The Tigers then made a pitching change, replacing Donatiello with A.J. Goetz. But with junior Carlton Bailey at the plate, the reliever threw Princeton’s third wild pitch of the inning and Kregel came home to give the Crimson a walk-off win.
“It was great,” Link said. “They made a few mistakes and we were able to capitalize on them.”
After the Crimson scored the game’s first two runs, Princeton put together a seven-run second inning, highlighted by an Arendt grand slam. But the Crimson answered back with consecutive innings of four, six, and four runs.
“We were able to just put the ball in play,” Link said. “Situational hitting goes a long way—that’s how you have big innings.”
Harvard led off the bottom of the fourth with five consecutive singles to plate four, capped by an O’Neill two-RBI hit. The rookie drove in two more in the bottom of the fifth with another single, while a basesloaded walk gave the Crimson its sixth run of the frame.
Princeton scored three times during those two innings as well, and the Crimson went into the sixth ahead 12-10. In the bottom of the inning, Klug singled, Kregel reached on an error, and O’Neill was hit by a pitch before Anderson hit a grand slam to put the Crimson ahead, 16-10.
“The biggest factor about the second game was that the wind was blowing out,” Kregel said. “Anything in the air was going to go a long way.”
But the Tigers answered right back in the top of the seventh. Crimson junior pitcher Peter Kaplan loaded the bases on two walks and a hit by pitch, and Hoy singled to center, scoring one. Princeton’s Mike Ford then hit a grand slam to right center to bring the Tigers within one at 16-15.
The Tigers scored four times in the ninth to take the lead back before Harvard rallied to win.
The Crimson scored 20 runs for the first time in a contest since 2006 and finished with 23 hits, led by Link, who went 4-for-5. Hajdin, Klug, Kregel, and Anderson all had three hits for Harvard.

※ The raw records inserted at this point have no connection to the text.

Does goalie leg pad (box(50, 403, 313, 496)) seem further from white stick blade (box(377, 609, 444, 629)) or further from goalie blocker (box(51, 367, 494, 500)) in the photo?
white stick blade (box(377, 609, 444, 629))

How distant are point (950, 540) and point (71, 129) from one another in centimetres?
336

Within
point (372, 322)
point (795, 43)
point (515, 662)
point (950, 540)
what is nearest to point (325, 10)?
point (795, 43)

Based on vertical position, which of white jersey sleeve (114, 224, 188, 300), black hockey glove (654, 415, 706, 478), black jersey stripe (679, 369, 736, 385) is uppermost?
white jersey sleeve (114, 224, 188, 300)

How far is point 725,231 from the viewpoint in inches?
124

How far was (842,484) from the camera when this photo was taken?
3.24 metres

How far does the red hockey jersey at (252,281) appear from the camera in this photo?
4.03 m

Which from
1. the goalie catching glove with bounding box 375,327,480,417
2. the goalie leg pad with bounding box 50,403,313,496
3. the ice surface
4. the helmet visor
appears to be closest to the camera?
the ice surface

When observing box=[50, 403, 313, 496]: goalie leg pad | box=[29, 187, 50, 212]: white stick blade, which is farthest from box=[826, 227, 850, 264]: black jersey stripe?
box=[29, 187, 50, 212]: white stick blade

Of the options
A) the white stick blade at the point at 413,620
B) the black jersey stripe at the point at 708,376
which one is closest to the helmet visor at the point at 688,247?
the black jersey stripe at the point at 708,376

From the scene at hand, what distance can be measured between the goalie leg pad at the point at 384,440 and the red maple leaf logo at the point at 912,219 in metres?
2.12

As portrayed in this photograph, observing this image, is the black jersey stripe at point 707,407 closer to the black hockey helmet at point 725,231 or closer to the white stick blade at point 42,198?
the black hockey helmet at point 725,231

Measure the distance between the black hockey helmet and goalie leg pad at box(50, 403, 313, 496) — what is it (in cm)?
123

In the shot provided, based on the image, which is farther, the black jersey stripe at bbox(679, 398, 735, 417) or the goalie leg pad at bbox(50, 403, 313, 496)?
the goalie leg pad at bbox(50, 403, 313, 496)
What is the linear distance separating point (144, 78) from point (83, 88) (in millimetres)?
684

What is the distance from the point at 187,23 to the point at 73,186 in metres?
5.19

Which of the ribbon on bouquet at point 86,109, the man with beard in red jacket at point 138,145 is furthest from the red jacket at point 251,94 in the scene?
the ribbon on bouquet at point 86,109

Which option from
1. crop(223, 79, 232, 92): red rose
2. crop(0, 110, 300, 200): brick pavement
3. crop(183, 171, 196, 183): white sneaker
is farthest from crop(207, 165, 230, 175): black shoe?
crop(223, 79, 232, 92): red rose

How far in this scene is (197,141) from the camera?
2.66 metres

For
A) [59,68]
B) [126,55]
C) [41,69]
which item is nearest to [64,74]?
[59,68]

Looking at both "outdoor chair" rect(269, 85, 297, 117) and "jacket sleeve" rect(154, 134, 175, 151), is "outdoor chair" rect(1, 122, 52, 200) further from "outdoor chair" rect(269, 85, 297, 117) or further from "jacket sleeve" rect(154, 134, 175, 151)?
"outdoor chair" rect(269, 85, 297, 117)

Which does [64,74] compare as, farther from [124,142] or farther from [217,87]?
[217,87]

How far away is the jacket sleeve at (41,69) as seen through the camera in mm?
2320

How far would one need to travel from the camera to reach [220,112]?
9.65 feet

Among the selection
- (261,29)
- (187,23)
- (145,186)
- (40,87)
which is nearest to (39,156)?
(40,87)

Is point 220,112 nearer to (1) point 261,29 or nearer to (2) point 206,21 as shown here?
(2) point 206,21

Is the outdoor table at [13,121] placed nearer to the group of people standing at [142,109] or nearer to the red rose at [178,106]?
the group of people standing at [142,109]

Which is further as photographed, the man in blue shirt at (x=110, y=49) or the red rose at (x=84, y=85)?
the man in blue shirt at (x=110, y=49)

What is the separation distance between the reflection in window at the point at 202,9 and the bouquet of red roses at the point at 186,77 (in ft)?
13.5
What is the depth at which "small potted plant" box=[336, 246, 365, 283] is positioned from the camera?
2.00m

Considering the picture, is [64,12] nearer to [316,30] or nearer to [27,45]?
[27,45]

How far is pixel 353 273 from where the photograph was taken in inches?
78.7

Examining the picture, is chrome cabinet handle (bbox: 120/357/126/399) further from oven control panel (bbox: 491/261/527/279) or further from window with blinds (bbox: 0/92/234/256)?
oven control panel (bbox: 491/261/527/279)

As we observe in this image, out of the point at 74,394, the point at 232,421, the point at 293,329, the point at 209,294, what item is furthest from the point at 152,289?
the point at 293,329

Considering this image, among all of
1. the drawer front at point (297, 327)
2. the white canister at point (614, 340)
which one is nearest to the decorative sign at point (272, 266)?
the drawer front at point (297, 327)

“A big thing that we’ve been talking about recently is believing in ourselves,” Kregel said. “[That] really helped us gain confidence to fight back and not just back down.”
PRINCETON 13, HARVARD 1
The Tigers dominated the Crimson in the first game of the doubleheader, putting together a pair of five-run innings against Anderson, who fell to 0-4 on the year.
With two outs in the top of the second, Tyler Servais doubled to center, Johnny Mishu singled up the middle, Alec Keller doubled to right, and Hoy doubled to plate two before Anderson finally got out of the inning.
“We just didn’t come out with as much energy as we should have,” Kregel said.
Anderson ran into trouble again in the fifth. Hoy led off with a homer to left center, and the big blow again came with two outs, when Servais hit a grand slam to make it 10-0.
In the sixth, a Ford solo homer to center off freshman reliever Shaun Rubin plated another run for the Tigers, who added two more in the subsequent frame.
Harvard’s lone run came in the bottom of the third, when Link scored on an error.
Ford was dominant throughout the afternoon for the Tigers, allowing just four hits and striking out seven over seven innings to improve to 3-0 on the year.
“The bats weren’t there,” Link said. “[Ford] threw a great game.”